What the task asks —
Please transcribe only the lines between the one containing "Acculader BMW X5" and the end of the records, both ends included, exactly as written; skip every picture.

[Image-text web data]
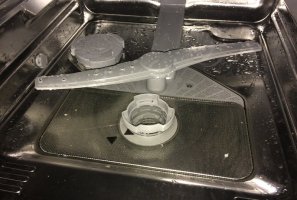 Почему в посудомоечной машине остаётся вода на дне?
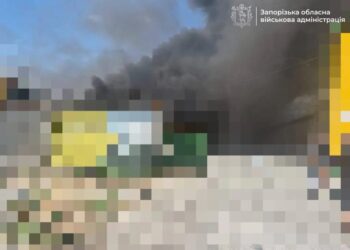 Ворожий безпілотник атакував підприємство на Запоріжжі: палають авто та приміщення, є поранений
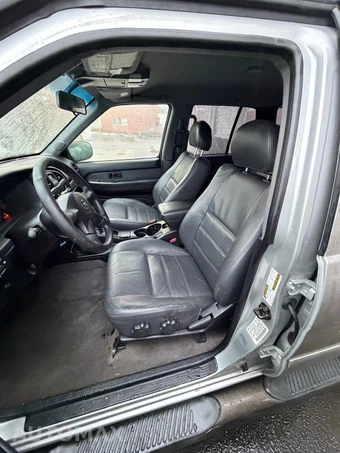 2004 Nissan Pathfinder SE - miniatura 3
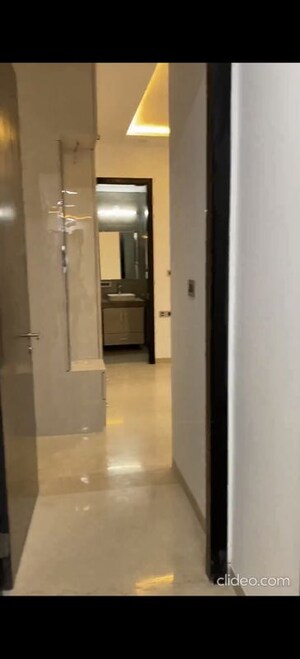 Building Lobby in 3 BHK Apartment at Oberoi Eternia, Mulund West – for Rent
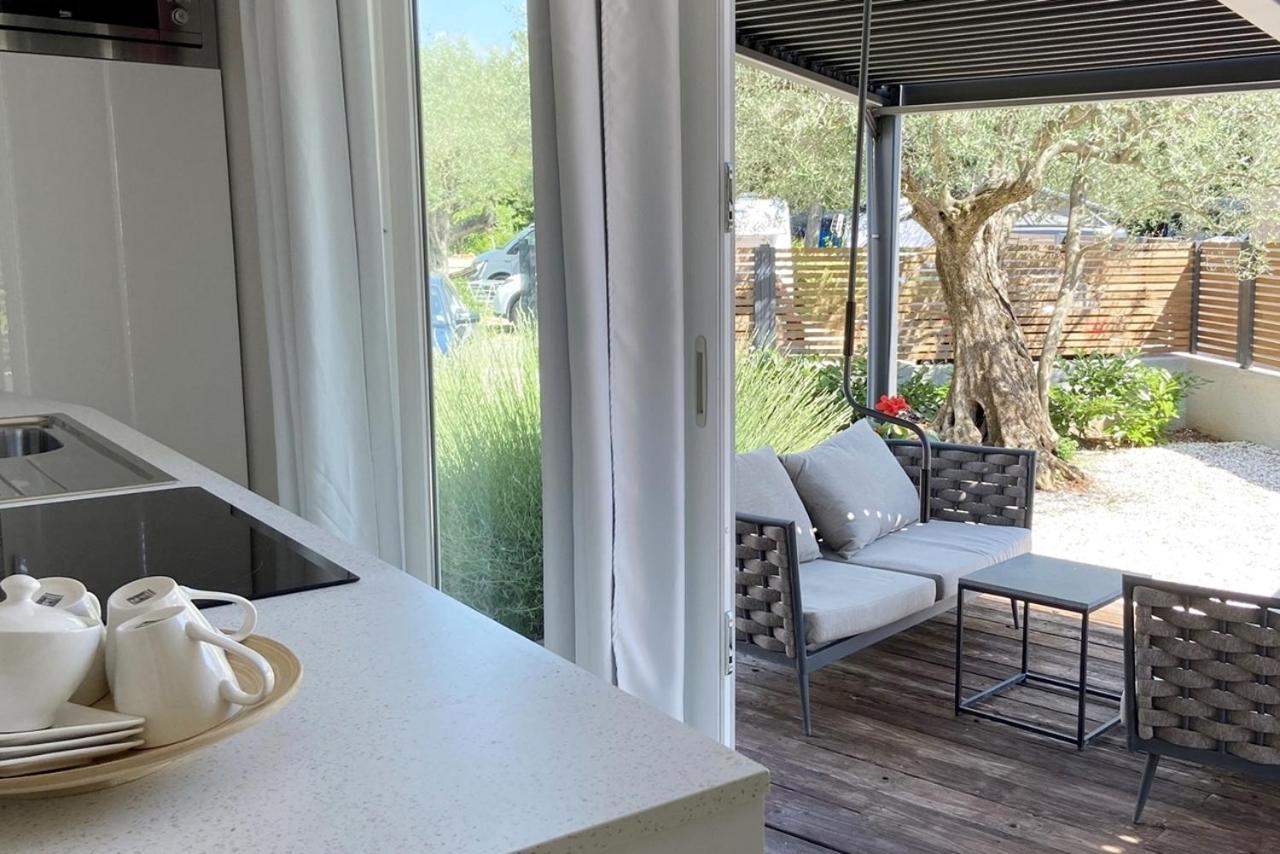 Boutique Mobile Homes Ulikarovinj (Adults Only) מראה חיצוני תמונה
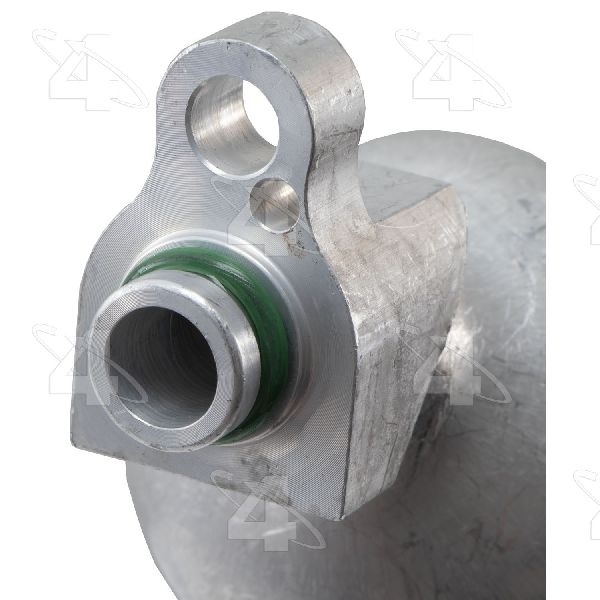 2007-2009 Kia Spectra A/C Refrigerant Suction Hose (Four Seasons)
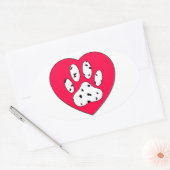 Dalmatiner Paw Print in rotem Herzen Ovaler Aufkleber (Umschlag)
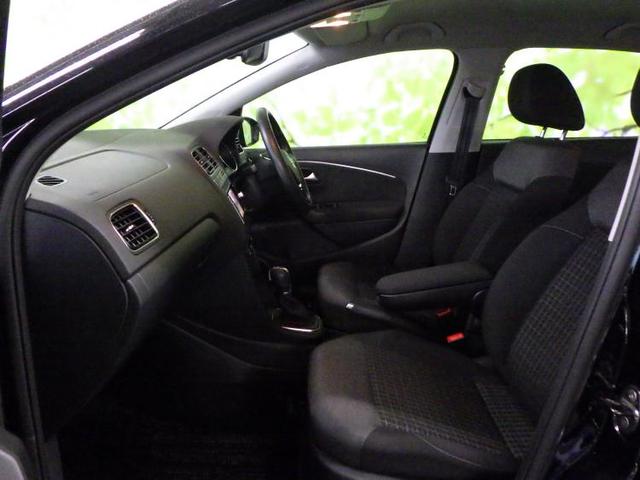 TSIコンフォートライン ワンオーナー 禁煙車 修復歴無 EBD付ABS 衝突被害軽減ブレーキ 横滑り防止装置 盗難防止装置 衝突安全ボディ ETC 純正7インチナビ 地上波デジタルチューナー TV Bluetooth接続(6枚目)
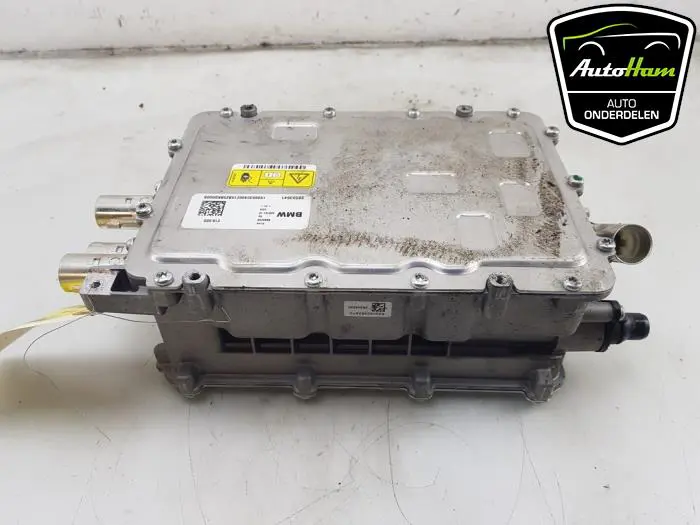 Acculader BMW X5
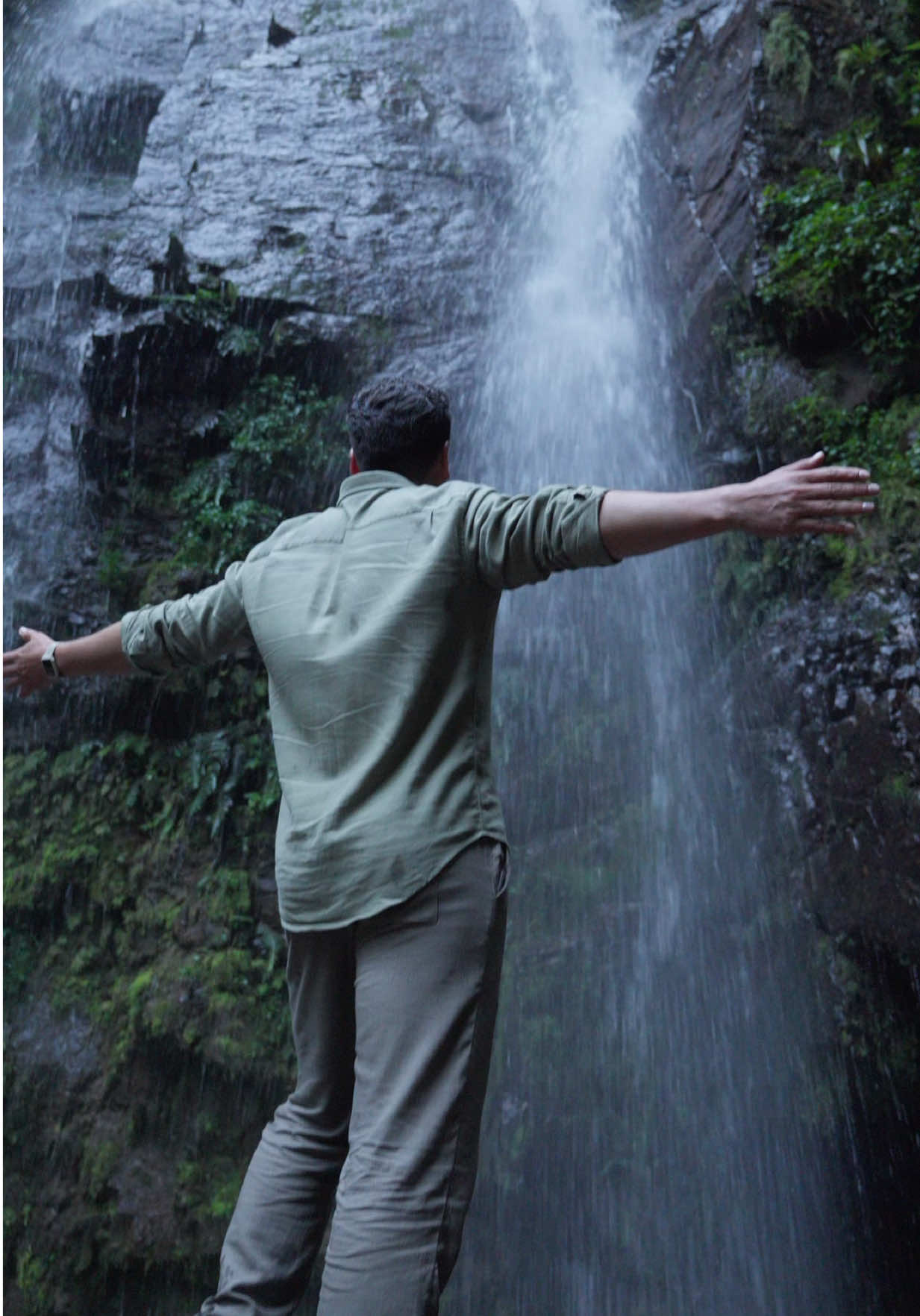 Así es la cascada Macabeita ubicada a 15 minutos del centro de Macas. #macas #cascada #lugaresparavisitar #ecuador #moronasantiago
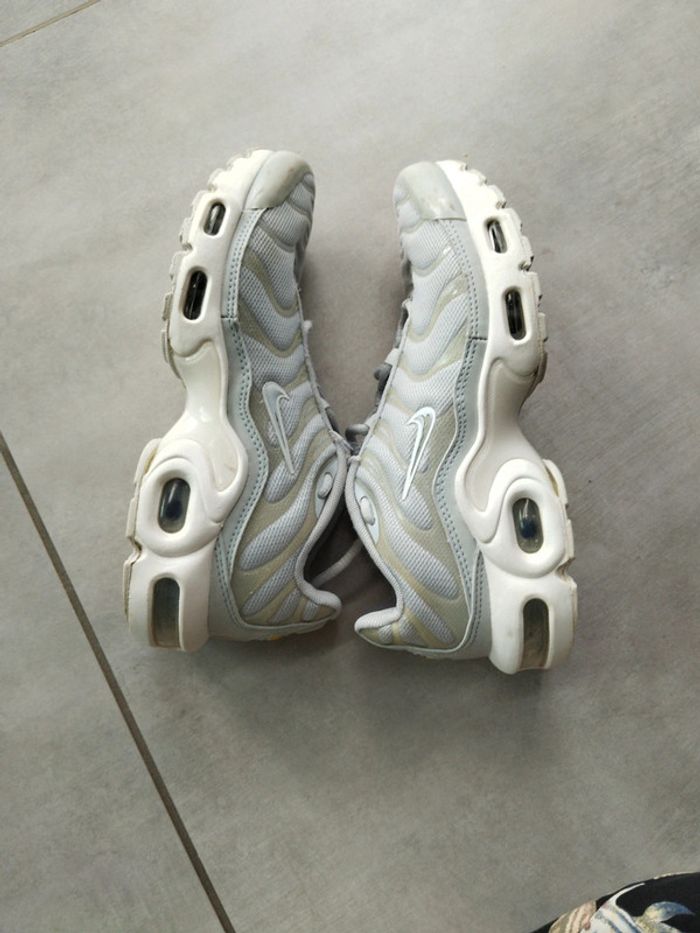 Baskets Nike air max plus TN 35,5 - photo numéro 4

Response area —
 Acculader BMW X5
 Así es la cascada Macabeita ubicada a 15 minutos del centro de Macas. #macas #cascada #lugaresparavisitar #ecuador #moronasantiago
 Baskets Nike air max plus TN 35,5 - photo numéro 4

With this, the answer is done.